10793:中国「開戦警告」発表;記事紹介

清澤のコメント;「Huaweiの背後には軍があるなどという実しやかな流言には注意しなければならない」というのが本記事の隠された真意のようです。創設以来この会社を中国人民軍がバックアップしてきた訳では無くとも、中国の一党独裁体制下では、政府と有力企業には深い関係があるに違いないと、私もポンぺオ米国務長官のいう事を信じ込まされてはいますね。上の図はこの記事の著者の最近の著書で、今、通勤電車で読んでいます。

 ――記事の要点―――

遠藤誉 6/6(木) 15:56 

 5月29日の人民日報は、中国がこれまで開戦前に使ってきた常套句「勿謂言之不預」(警告しなかったとは言わせない)を発表した。貿易戦であれハイテク戦であれ、中国の本気度を窺わせる。
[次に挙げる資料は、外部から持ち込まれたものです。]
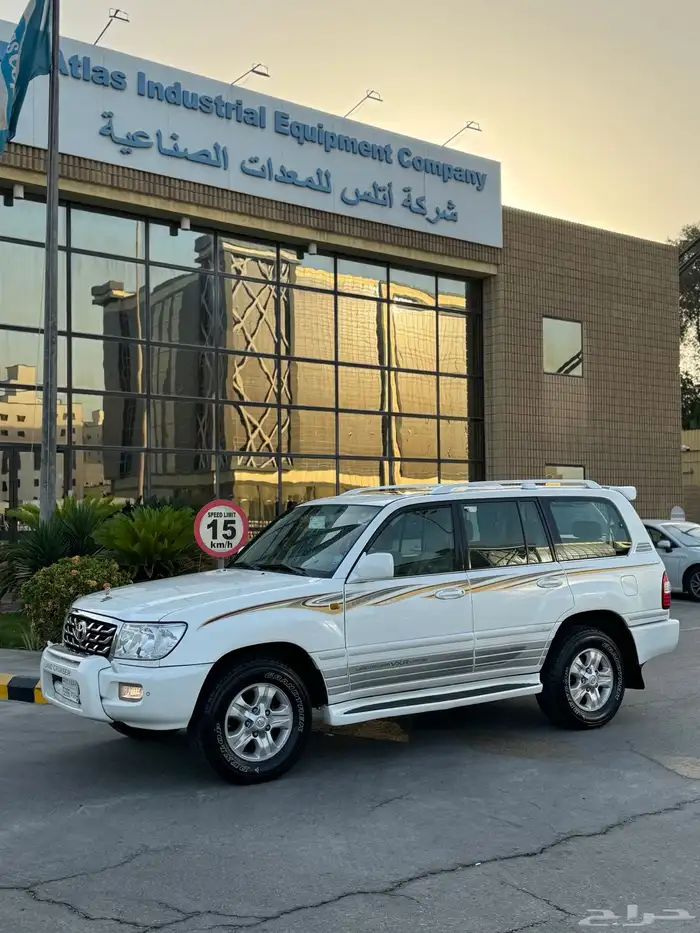 لاندكروزر VXR - 2006 لؤلؤي فل خليجي 1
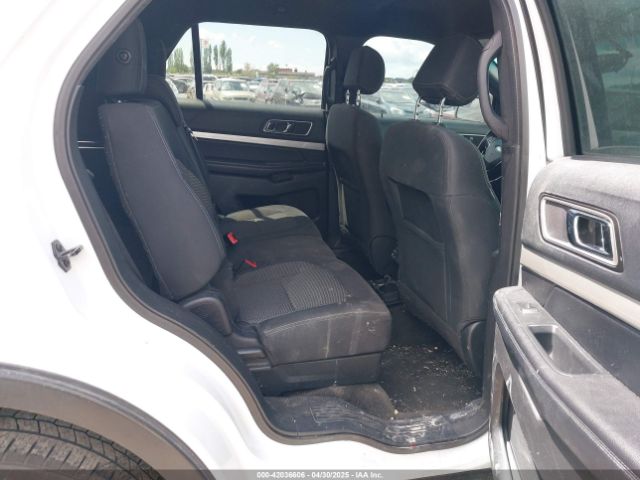 1FM5K8D83GGB53449 Ford EXPLORER XLT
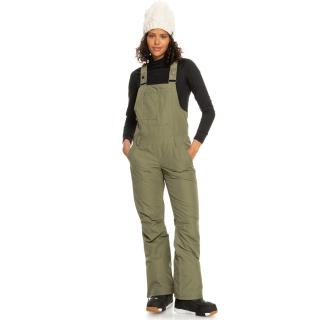 Pantaloni Ski Snowboard Roxy RideOut Deep Lichen Green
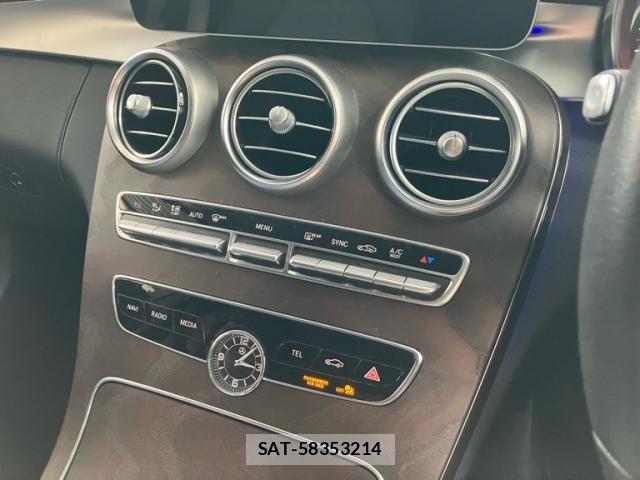 Mercedes Benz C-CLASS 2019-05 8849752-15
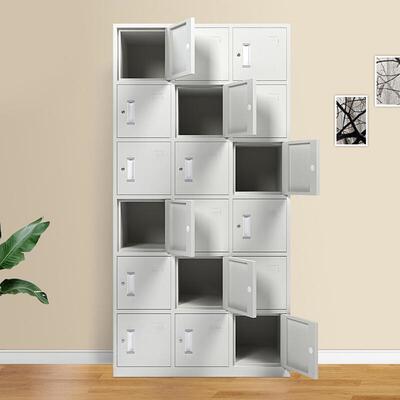 厂家直销舍钢制更衣身柜18MT-6269门铁衣皮柜员工宿储物柜浴室健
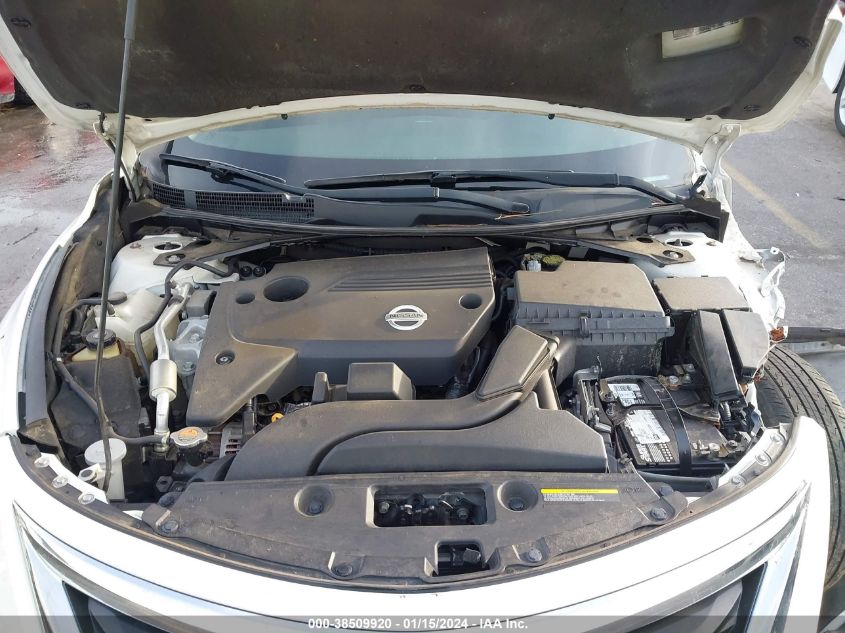 2014 NISSAN ALTIMA 2.5 SL - 1N4AL3AP8EC298401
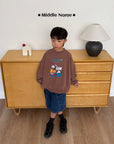 Little Foxx – Pigment Tweet Sweatshirt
◆人民日報が「勿謂言之不預」(警告しなかったとは言わせない)

 5月29日付の中国共産党機関紙「人民日報」が第3面の「国際論壇」のコーナーで、「アメリカは中国の反撃能力を甘く見るな」という見出しで、「勿謂言之不預」という言葉を用いた。中国が本気で戦闘を開始する前に「開戦警告」として使われてきた常套句だ。

◆1962年の中印国境紛争

 第一回目の「開戦前の辞」は1962年10月に起きた中印国境紛争。中国は「勿謂言之不預」という言葉を1962年9月22日付の人民日報に載せた。その2ヵ月後に戦闘が始まり、中国人民解放軍の圧勝に終わった。

◆二回目は中越戦争

 二回目は1978年12月25日の人民日報第一面の社説。この中越戦争で中国は長いベトナム戦争を戦って疲弊しているはずのベトナム軍に勝てなかった。これが中国人民解放軍100万人リストラへとつながる。そしてその中に、後にHuaweiを創設する任正非氏がいた。解雇したのは、文化大革命(1966年~76年)で、中国経済は壊滅的な打撃を受けて、お金が軍にはなかったから。その軍人崩れが、香港でブローカーを生業とする華為(Huawei)という民間企業を創った。いったいどこから「軍が支援した」「背後には軍がいる」などという理屈が出てくるのか。

 当時は雨後の竹の子のように民間企業が生まれては消えて行った。この流れから見てもHuaweiの背後には軍があるなどという実しやかな流言には注意しなければならないことが見えてくる。

◆米中ハイテク戦、中国の本気度

 米中貿易戦争、米中ハイテク戦に対する中国の本気度は、これまでの「開戦前の辞」発表とその後の断行から考えて中国が本気であることが窺える。

<注記>中国が「武器を使った戦争」をアメリカとなどやるはずがないし、またすれば一党支配体制崩壊につながる。あくまでも「レアアース・カードの本気度」と「信頼できない企業」リスト発表の本気度を測るための物差しにはなるとしても、決して「武器を使った戦争」を指しているとは思えない。